The story follows a Dracula disciple named Johnny Alucard (“Dracula” spelled backwards) and his attempt to raise the evil count and exact revenge on the Van Helsing family by sacrificing the professor’s niece to the dark lord.
I actually enjoy this film a lot and think that the 1972 setting was great. The teens in the film weren’t annoying and actually were all pretty likable and cool characters. Even the villain, Johnny Alucard had a great presence and is still, to this day, one of my favorite vampire characters in film history. His death was a little bizarre though.
The film also features Caroline Munro as Dracula’s first sacrifice. She was a Bond girl in The Spy Who Loved Me, a few years, later and she is one of my all-time favorite girls in that film series. Here, she was a bit younger, just as beautiful and really captured the scenes she was in.

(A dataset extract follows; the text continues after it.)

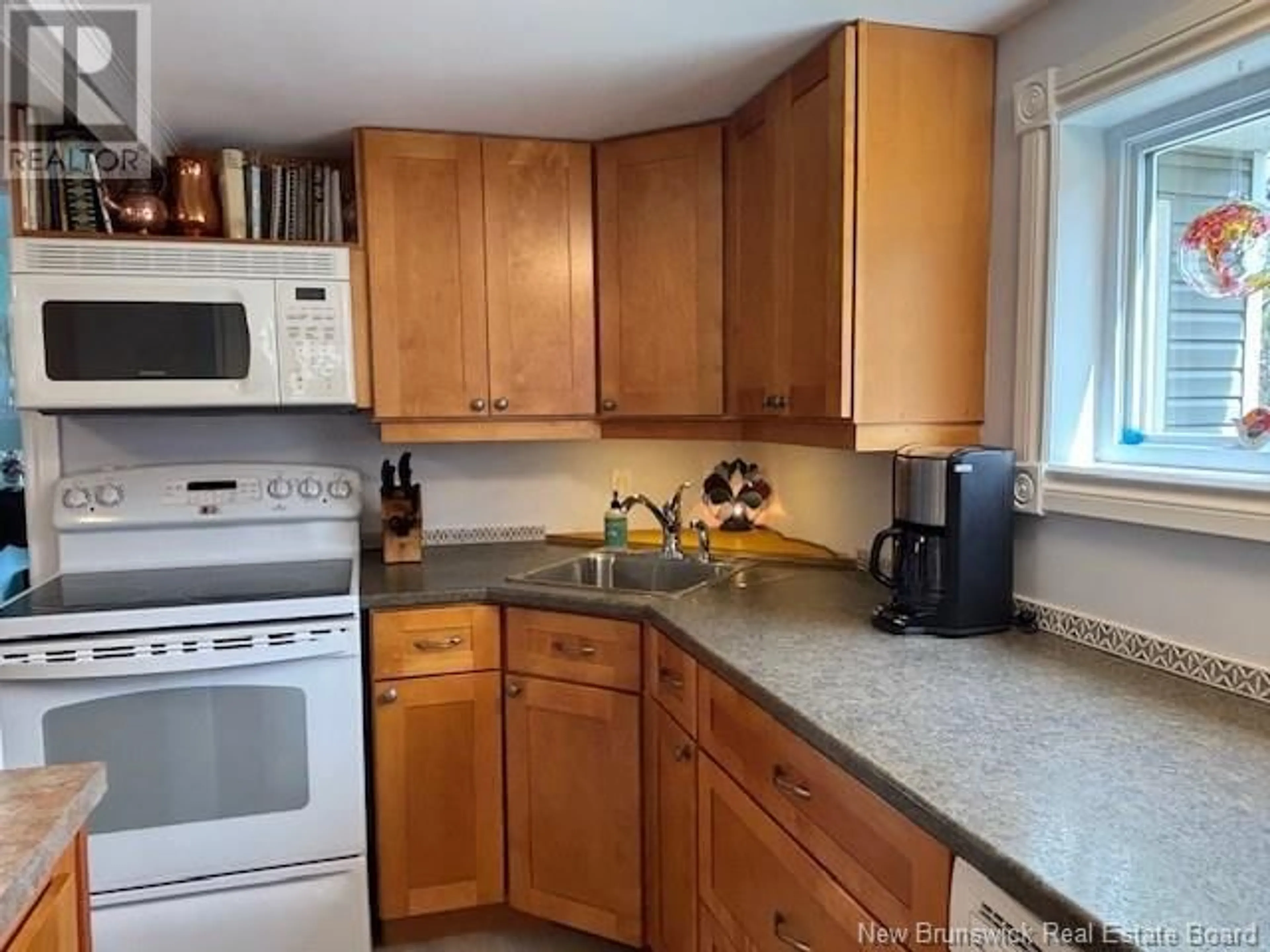 Standard kitchen, unknown for 4 JERUSALEM ROAD, Hampstead New Brunswick E2K5B8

Christopher Lee didn’t get as much screen time as I would like but he still owned the scenes he was in and it was nice seeing Dracula and Van Helsing facing off once again.
The Satanic Rites of Dracula (1973):
Release Date: November 3rd, 1973 (UK) Directed by: Alan Gibson Written by: Don Houghton Based on:Dracula by Bram Stoker Music by: John Cacavas Cast: Christopher Lee, Peter Cushing, Joanna Lumley, Michael Coles, Freddie Jones
Hammer Film Productions, Warner Bros. Pictures, 87 Minutes
This is the final film in the Hammer Dracula series. It is also the weakest.
For the most part, this film is enjoyable because it features Christopher Lee as Dracula and Peter Cushing as Van Helsing and it is their final showdown. And frankly, I’ll watch any film with either man in it and especially any film with both of them in it.
Taking place in the modern era, like the previous film, this one misses its mark somewhat. Where its predecessor was campy and fun, this one was extremely dark, fairly gorey and was the first film in the series with lots of gratuitous nudity. In fact, I don’t think there was nudity at all in any of the previous Hammer Dracula movies.
Now I am not one to complain about nudity but the use of it in this film doesn’t really fit the vibe and style of the series. And where I would let kids watch most of the other films, I’d have to keep this one hidden on a higher shelf in my DVD library.
I feel like they should have ended the series with the previous film. This just felt forced and neither Cushing nor Lee looked all that interested in this picture when they were on screen. At least the film before this had some charm.
*There is another film with Peter Cushing as Van Helsing. It is “The Legend of the Seven Golden Vampires”. Dracula is also in the film but he is not played by Christopher Lee. Also, this isn’t a straight up Hammer Horror film, it is actually a co-produced horror/kung-fu flick that was a collaboration between Hammer and Shaw Brothers (a prominent kung-fu studio at the time). I will review this at some point, I’m sure.